Under the approved framework, prediction market operators would pay a 9% surtax calculated on their annual gross income. This levy would supplement existing corporate and income tax obligations at the state level.
Paul Sarlo, who chairs the Senate Budget Committee, characterized the legislation as an initial move toward oversight of this emerging sector. He emphasized that the intent is to establish parity with regulatory standards currently imposed on sports wagering operations.
According to projections from the Office of Legislative Services, implementation of this tax structure could yield revenues ranging from $10.3 million to $15.3 million when fiscal year 2027 concludes.
Original Legislation Underwent Significant Revisions
The measures that gained committee approval bear little resemblance to their initial versions. Legislators stripped away most enforcement mechanisms and regulatory provisions contained in earlier drafts.

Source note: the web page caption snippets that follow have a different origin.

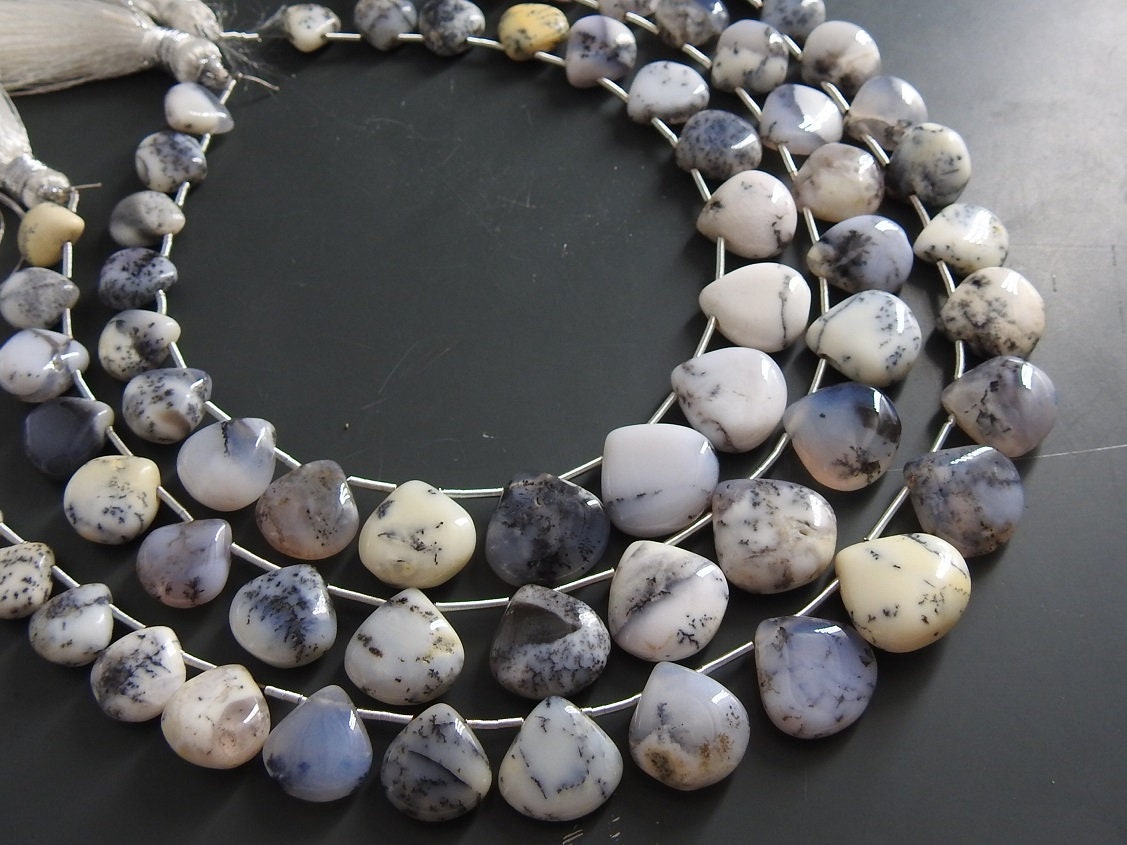 Dendritic Opal Smooth Hearts Shape Teardrop 20Piece 14X14To9X9MM Approx Natural Stone MS-BR8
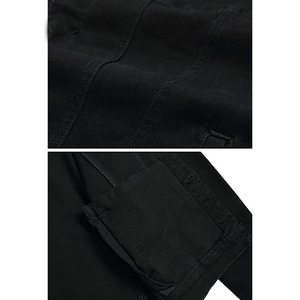 Veste en jean 100 % coton personnalisée avec logo imprimé pour homme – Style vintage, hiver, décontractée, couleur unie, coupe-vent, respirante, boutonnée - Product Image 2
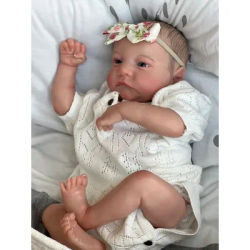 NPK 49CM Newborn Baby Doll Reborn Levi Awake Soft Silicone Flexible 3D Skin Tone with Visible Veins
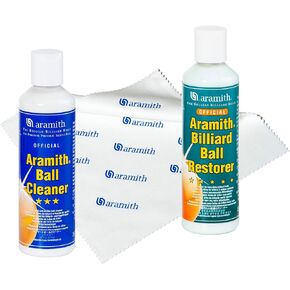 Aramith Bundle of 3 Items Billiard Ball Cleaner, Billiard Ball Restorer 8.4 fl.oz. Bottles Microfibre Cloth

Previous iterations classified sports event contracts as a category of sports betting. Those versions mandated a licensing framework administered by the Division of Gaming Enforcement.

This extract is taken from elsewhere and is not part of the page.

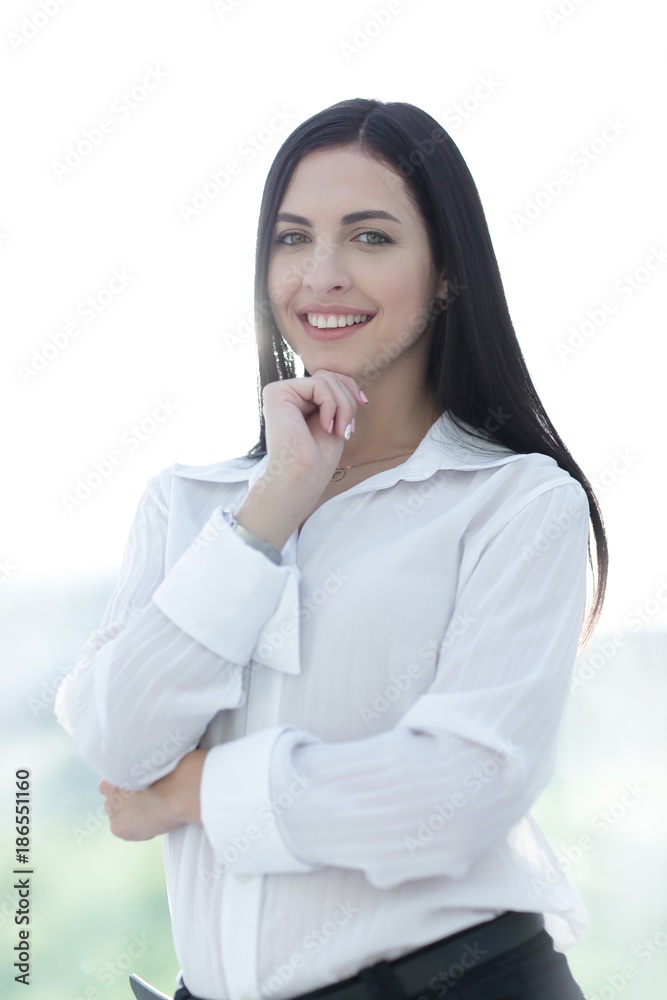 close-up face of modern successful young woman close-up face of modern successful young woman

The original proposal featured a 29.75% tax rate. This figure represented a combination of the current 19.75% levy on sportsbooks plus an additional 10% surcharge.
Platforms would have been required to secure state authorization before legally offering prediction contracts. Operating without proper licensing could have resulted in criminal prosecution under the initial framework.
The Attorney General would have possessed authority to pursue injunctive relief through the courts. Daily penalties under that version could have reached $1 million for violations.
Earlier drafts also contained prohibitions on contracts related to fatalities, catastrophic events, or electoral contests. The current iteration retains only the 9% surtax, having eliminated licensing mandates and content restrictions.
Supreme Court Challenge Remains Under Consideration
Beyond taxation efforts, New Jersey continues exploring litigation at the federal level. The state’s legal representatives are contemplating whether to bring the matter before the Supreme Court.
The Attorney General’s office submitted a request extending the deadline for filing a formal petition. That deadline now stands at September 4.
This development stems from a decision issued in April by the U.S. 3rd Circuit Court of Appeals. The appellate panel rejected New Jersey’s attempt to halt operations of Kalshi and comparable platforms.
The court determined that sports prediction contracts fall within the scope of the Commodity Exchange Act. Under this federal statute, regulatory authority resides with the Commodity Futures Trading Commission rather than state governments.
Solicitor General Jeremy Feigenbaum contended that the ruling undermines state regulatory powers in significant ways. His filing argued the decision removes a multibillion-dollar wagering market from state jurisdiction.
New Jersey gaming officials had previously issued cease-and-desist orders to both Kalshi and Robinhood in March 2025. Those notices alleged the companies were facilitating illegal sports wagering in violation of state statutes.
Following the unfavorable appellate outcome, the Supreme Court represents New Jersey’s remaining avenue for pursuing this legal challenge.